If your description of the dependencies or the structure of processed data is too narrow, new data that are actually valid may be identified as faulty. However, if the description lacks precision, data that are actually faulty will not be recognised as such
Stefan Klessinger, Research Assistant at the Chair of Scalable Database Systems
Since October 2021, Klessinger has been working in both international and national teams at the Chair of Scalable Database Systems held by Professor Stefanie Scherzinger who herself researches semi-structured data. "On account of the diversity in these research groups, there are lots of exciting ideas," says Klessinger, who has been working on his current research topic for about one year now. "This has given rise to various points of departure. The discussions in the teams, and also during international conference trips, are inspiring and motivating."
His research focus combines two thematic areas which have so far been researched independently of each other for the most part: automatic structure recognition in semi-structured data, on the one hand, and automatic detection of dependencies (on structured data), on the other. He explains that a major difficulty in both subject areas is that the structure or the dependencies need to be adequately described but not in too great a detail. Frequently, automatically detected dependencies are only randomly valid for the data under consideration and can be compromised by including additional data. Likewise, the structure of different data from the same dataset may vary, which often provides a strong incentive to draw up a meaningful abstraction of the identified structure "If your description of the dependencies or the structure of processed data is too narrow, new data that are actually valid may be identified as faulty. However, if the description lacks precision, data that are actually faulty will not be recognised as such."

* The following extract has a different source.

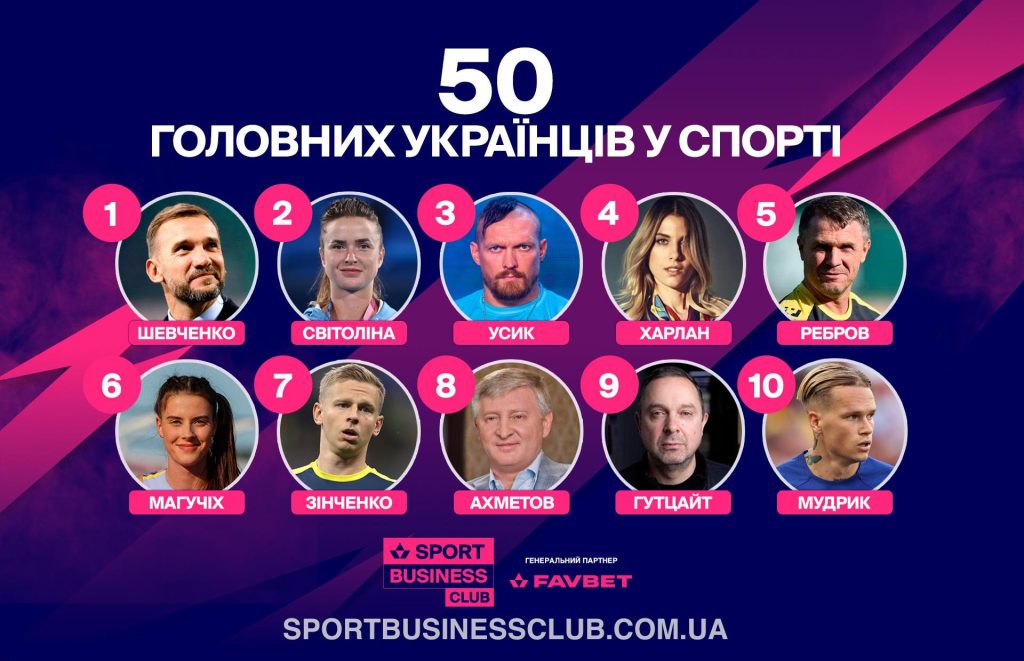 Топ-10 головних українців у спорті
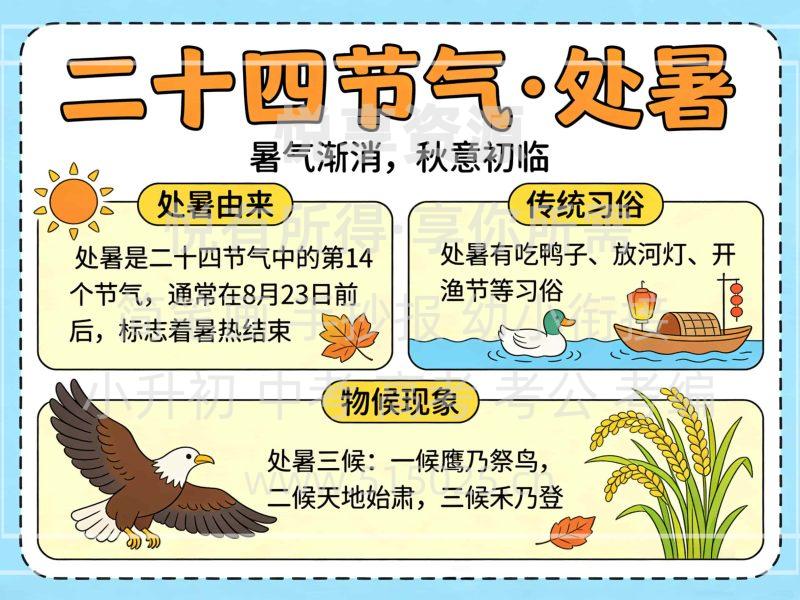 二十四节气 处暑 儿童校园手抄报模板 小学必备 可直接打印-悦享资源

An example to illustrate this point
A dataset describes people using what are called "attributes", including first name, second name, surname, date of birth and generation. Current approaches are focused on recognising that the "second name", for instance, is not always available or that the "date of birth" is a number whereas the other attributes consist of a character string of letters. Klessinger's research is about formulating more precise descriptions using what are called “dependencies”. If the date of birth is shown as 2000, for instance, such a level of precision would make clear that the data relate to "generation Z".
This research earned Klessinger first place in the "Student Research Competition" at this year's 'International Conference on Management of Data" (SIGMOD) , which took place in Seattle in June and is regarded as one of the most important international conferences on databases. Chair holder Professor Stefanie Scherzinger expressed her delight: "It's the second time in a row that a staff member of the Chair makes it to the final round of the ACM SIGMOD Student Research Contest. I am really very pleased that Mr Klessinger won the competition this year."
About Stefan Klessinger
Stefan Klessinger has been studying at the University of Passau since 2013. After earning his bachelor's degree in internet computing in 2019, he completed his master's degree in computer science. He has been working as research assistant at the Chair of Scalable Database Systems held by Professor Stefanie Scherzinger since October 2021.